» **ABOUT THIS TASK**: Could you transcribe exactly the lines from the one containing "Gmt under 500 cheap" through the end of the listing below, both included, but none of the pictures?
(Beginning of DATASET EXTRACT)
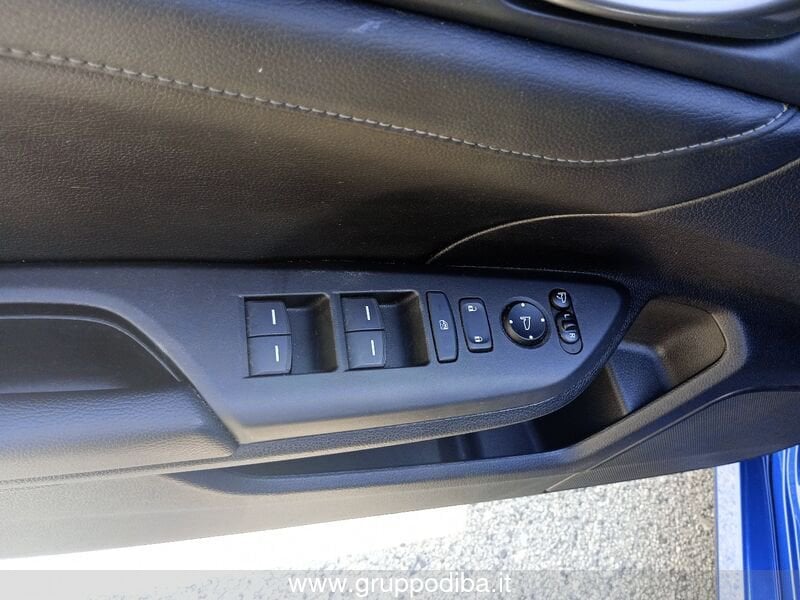 Honda Civic 5 porte Civic 5p 1.0 Executive Premium- Gruppo Diba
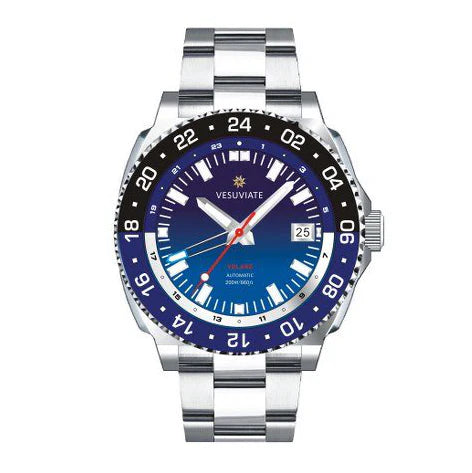 Gmt under 500 cheap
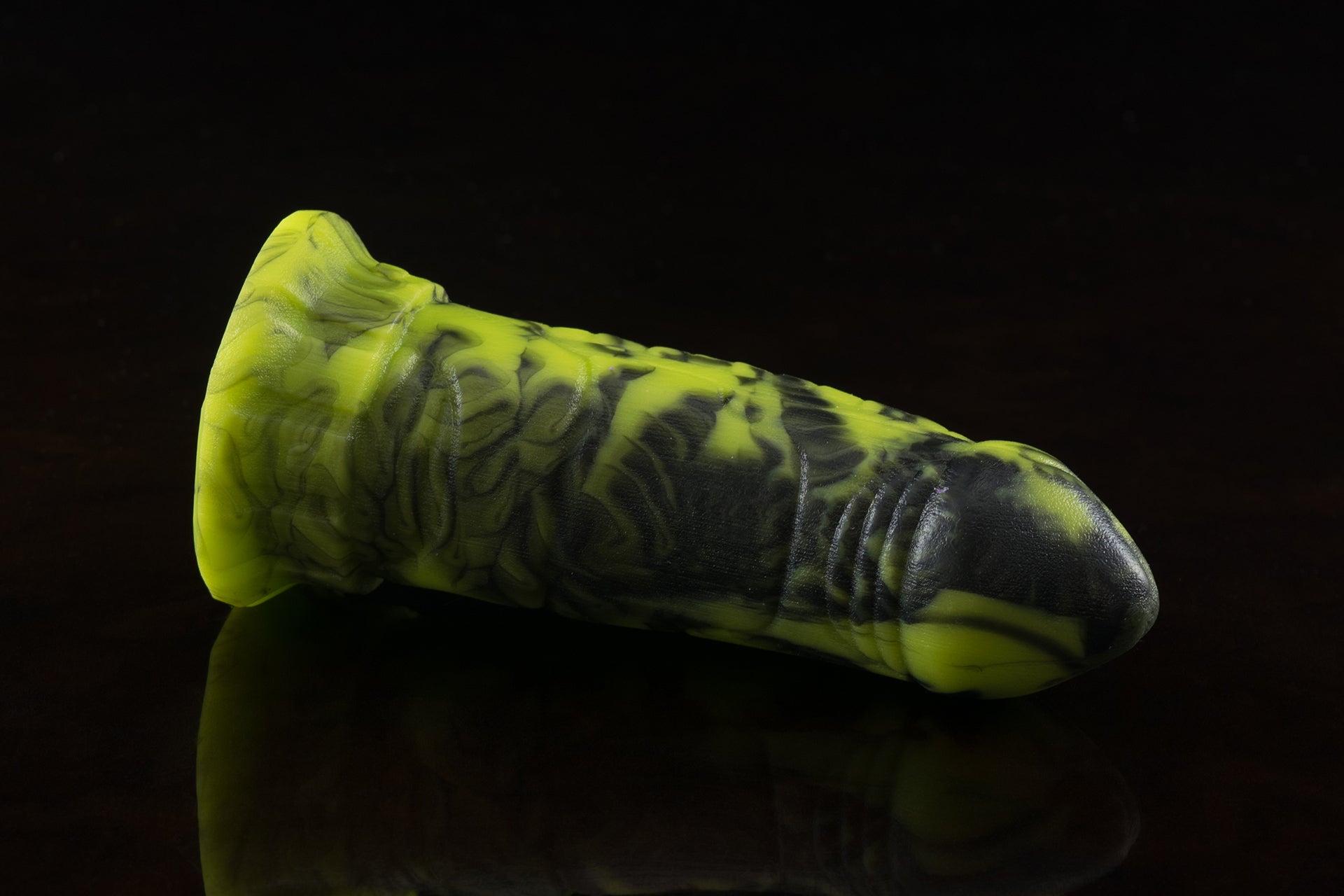 2015 Mini Mechanical Animal 2.5 in Medium Firmness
(End of DATASET EXTRACT)
» **ANSWER BOX**:
 Gmt under 500 cheap
 2015 Mini Mechanical Animal 2.5 in Medium Firmness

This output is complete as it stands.